Although autonomous drive technology is available in a handful of OEM models (often via advanced driver assistance systems – ADAS), robotaxi pilots and autonomous busses have been at the forefront of driverless vehicles on the road.
However, companies such as Nissan and Continental are working with an autonomous driving software company, Imagry, that has created a ‘HD-mapless driving system’ that it says allows OEMs and Tier 1 automotive suppliers to enable L3 autonomous driving in the passenger vehicles they manufacture.
Imagry’s AI-based autonomous driving software enables the self-driving vehicle to understand the road as it goes, due to the system described as an ‘HD mapless solution’, which allows a vehicle to react to situations and environments in a similar way to a human driver.
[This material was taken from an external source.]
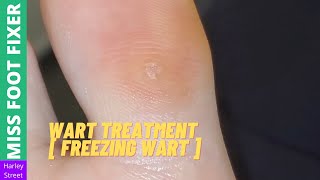 Wart Treatment  Freezing Wart   Miss Foot Fixer [upl. by Aldus791]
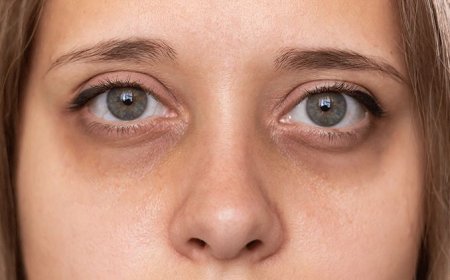 Koyu Göz Altı Morluklarından Kurtulun!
We spoke with Eran Ofir, CEO, Imagry, to learn more about the company’s AI-based mapless solution.

Just Auto (JA): Could you provide some background on the company?
Eran Ofir (EO): We have been driving autonomously on public roads for the past five years in the US in Arizona, California, Nevada, and also in Germany, Tokyo. We have also autonomous busses on the road.
We started that activity in 2023. Today we are working with Continental, Nissan, and some others. We are the first autonomous driving company in the world to drive on both sides of the road.
The company itself started in 2015, but it was not focused on autonomous driving, but was focused on a computer vision by a group of scientists that wanted to build a system that would behave like a human brain. The company pivoted to autonomous driving in 2018, and in late 2018 the technology was driving on the road with the AI technology.
How does the AI-based HD mapless driving system work?
Like Tesla we use cameras only, so our entire perception system is based on vision. We are HD mapless; we don’t need those HD maps to be provided to the vehicle in order to drive. We don’t need external input.
We see what’s happening around the vehicle like a human being does. We realise that through an array of many neural networks that are trained for a long time to understand the traffic lights, traffic signs, lanes, parked vehicles, moving vehicles and pedestrians and everything that is moving 360 degrees, for 300 meters around the vehicle.
We see what’s happening around the vehicle like a human being does.
We create that map of everything on the go, on the fly, the same way that you and I drive, and that map gets into motion planning, which is also built as an AI. We don’t write what’s called classic code, or another name for it is as rule-based coding. Rather, we have AI that you see in the movies where everything is being poured into a black box, and that black box is training itself over time. The same way that humans are being trained to drive, our system gets better and better at the driving tasks.
We are also hardware agnostic. We let the OEMs and Tier 1 companies decide which computing hardware they would like to use. This is very important for them because they are not willing to base their entire portfolio on a single chip, a single vendor – this is never going to happen.
There will be different hardware for an entry level vehicle of say €30,000 and a mid-range vehicle of €60,000, or a high-end vehicles. There is different hardware, computing set-up, cameras and capabilities; they won’t drive the same autonomously because of the strength of their computing. We know how to run transparently on all these different platforms so the OEM can get one software that runs on all its vehicles, from the entry level all the way to premium.
What are some benefits of having a mapless driving system?
We hear it from both from the large Tier 1 companies, as well as OEMs, that the way forward is increasingly seen as mapless.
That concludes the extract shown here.